井书骁的眼神发暗,捏着他的脸颊,水嘟嘟的嘴唇被他的手指撑开。他凑近了,更清楚闻到他嘴唇的味道,果酒的气味混杂着令人心跳加速的清香。
“我想睡觉,不要打扰我啦。”秋糯闭眼找了一通枕头,压在自己的脑袋上。
井书骁直接甩开枕头,“知不知道现在是谁在这里?说对了就让你睡。”
长久安静。
算了,这小醉鬼,和他说什么他又听不见。
下一秒,秋糯音量很小,软糯着声线道:“我知道你是井”
后面的两个字还没说出来,井书骁额角青筋一跳,他压着秋糯的手腕,欺身吻了上去,牙齿衔着他的唇珠来回碾磨,没一会儿,嘴角便流下了清液。
被亲得很乱。
“我想睡”
说对了,也不会让他睡的。
井书骁扬了扬嘴角,终于舍得饶过他的唇瓣,转而捏着他的脸蛋,欣赏着他被亲到红肿水亮的模样。
手臂的青筋夸张暴起,冰冷的眼眸逐渐被欲火灼烧,井书骁在他即将睡着时,立刻俯身吻上,把人亲得哼哼唧唧,亲到睫毛沾上湿漉漉水汽时才放开。
又要睡着时,再亲上循环往复。
小醉鬼终于是受不了了,秋糯皱着眉,毫无意识地甩着小巴掌,一掌扇在了井书骁锐利的侧脸上。

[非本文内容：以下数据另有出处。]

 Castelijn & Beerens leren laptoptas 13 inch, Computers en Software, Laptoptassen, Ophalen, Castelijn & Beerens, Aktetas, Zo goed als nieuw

井书骁眼底的猩红更盛,他被扇了。没有生气,而是愈加兴奋。
“别睡宝宝,和我说说话,我们好久没有这样说过话了。”
迷迷糊糊的秋糯觉得不对,潜意识觉得床边的男人就是在忽悠自己。
“昨晚为什么要来我的房间?”始作俑者把锅甩给了秋糯。
触发了敏感词,秋糯指尖颤了颤,他小声道:“我没想去的”
井书骁完全沉浸在自己的迷恋中,他没管秋糯回答了什么,而是和他紧紧相贴,几乎脸贴着脸,“你刚推开门的时候,我就知道是你。”
“不仅仅是因为我笃定了你会来。”
“宝宝,你大概不知道,你在开门的时候会试探压门把,再松回去,两三秒之后,才会推开门。”

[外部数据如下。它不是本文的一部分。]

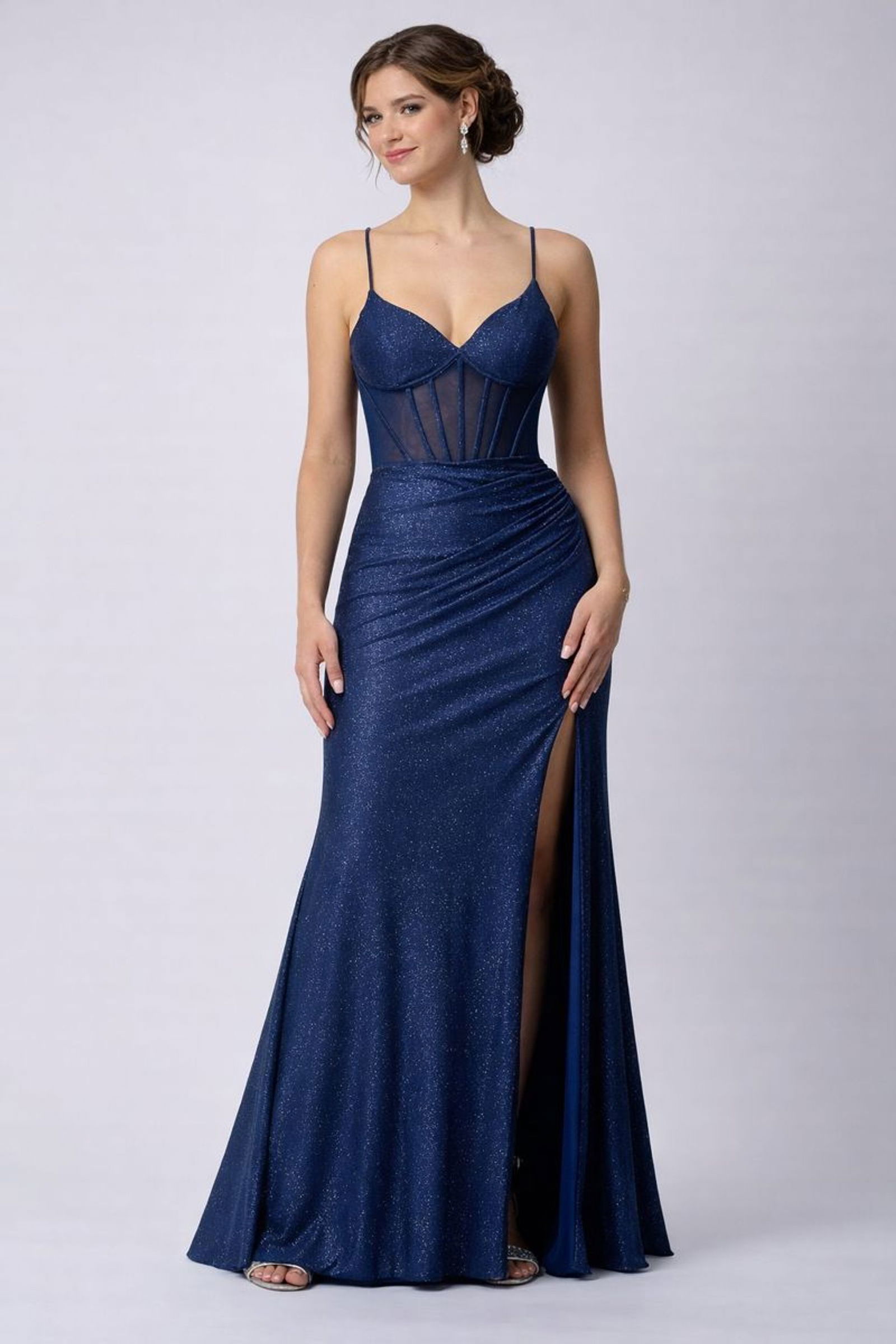 Mascara London |  Mascara London Langes Kleid  | 40 | airforce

“还有这里,宝宝”井书骁观察着青涩少年的微动作,碰了碰他扑簌簌的睫毛,逐渐移到嘴唇,“你说话的时候,我能够闻到你嘴巴上甜甜的味道,你每多说一个字,我就更想把宝宝往死里亲。”
秋糯似乎承受不住火热的视线,歪过了头。
井书骁不给他躲闪的机会,掰着他的下巴强硬捏正了,他痴迷地闭眼闻了闻,“好熟悉的味道。”
好令人上瘾。仿佛世间最柔软但最没有解法的迷情.剂。
井书骁掀开被子,干脆躺了进去,他身躯高大,轻松将秋糯整个笼罩了起来,从背后看兴许只能看见秋糯毛茸茸的脑袋。

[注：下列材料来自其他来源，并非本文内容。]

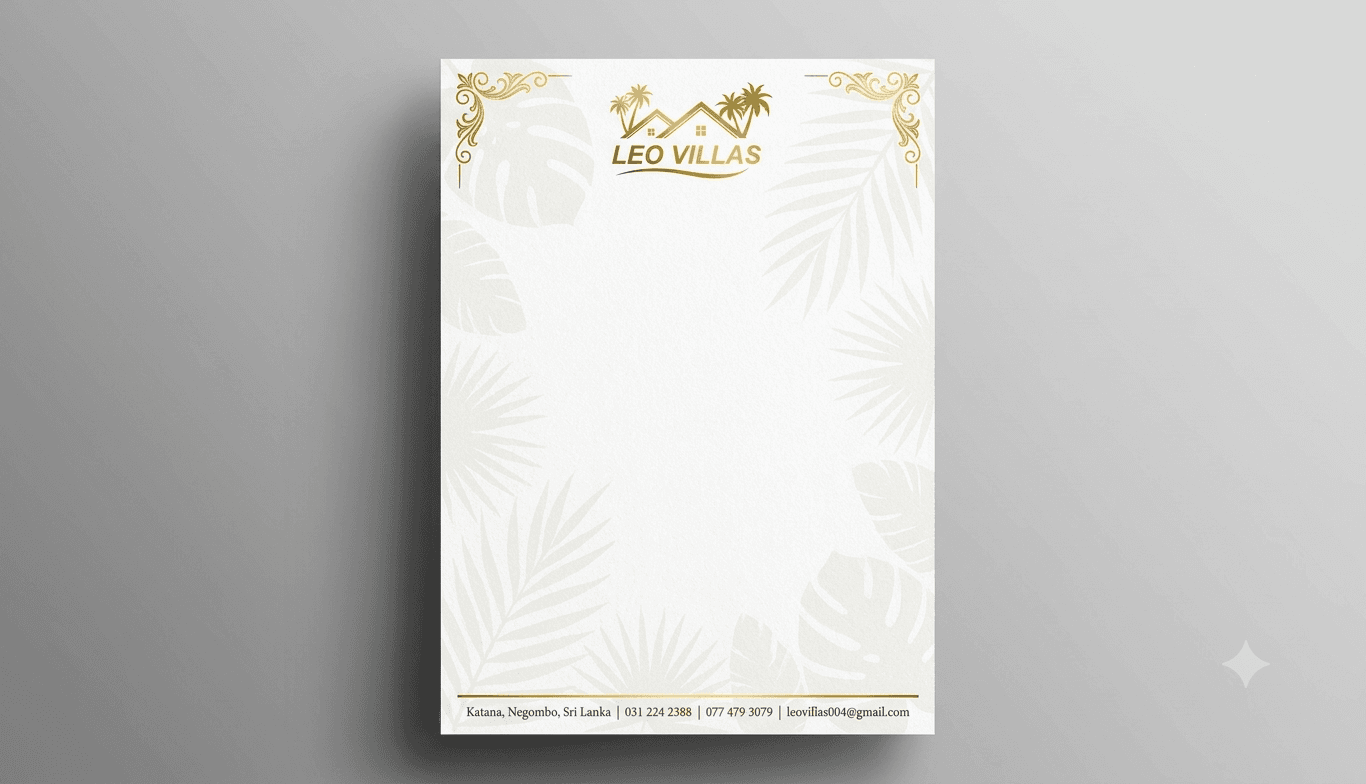Leo Villas - Stationery Design Image 3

洁白的被子拱起明显的一团,井书骁抓着他的双腿分开,随即抱着他的腰腹埋了上去,他缓缓向下,直到埋在了他的大腿附近才停止。
那天隔着被子,说不上有多满意。
而现在整个天堂就在他的眼前,毫无遮挡。
“好乖宝宝,好可爱,乖宝宝。”
胆大的人先获得自助餐,变态的人最先享受老婆。
盗文件死马
几分钟后,大腿上多了几道不算太明显的吻痕,井书骁舔了舔充满水渍的薄唇,他紧扣着秋糯的手用力收紧,以不容抗拒的力量十指相扣。
被子里的空气太稀疏,待井书骁重新吸收到充分氧气时,他的脸上蒙上了非常显眼的欲念。
他啄着秋糯的唇角,吻得绵密涩.情,挤入他的唇缝间,喑哑道:“回应我。”
仿佛条件反射,秋糯竟真的微微张开嘴巴,舌头长驱直入,吻到最深处。
吮吸、包裹、缠绕、轻咬
唇间萦绕着暧昧的水渍声,甜腻的香气以最亲密的接触为中心,逐渐扩散,弥漫。
井书骁亲吻的时候不习惯闭眼,他喜欢看秋糯的表现。
比如
在某个瞬间,秋糯撩开点眼皮,眼球微微上翻,双眸失神,瞳眸找不到焦距,还有很浅淡的爱心形状。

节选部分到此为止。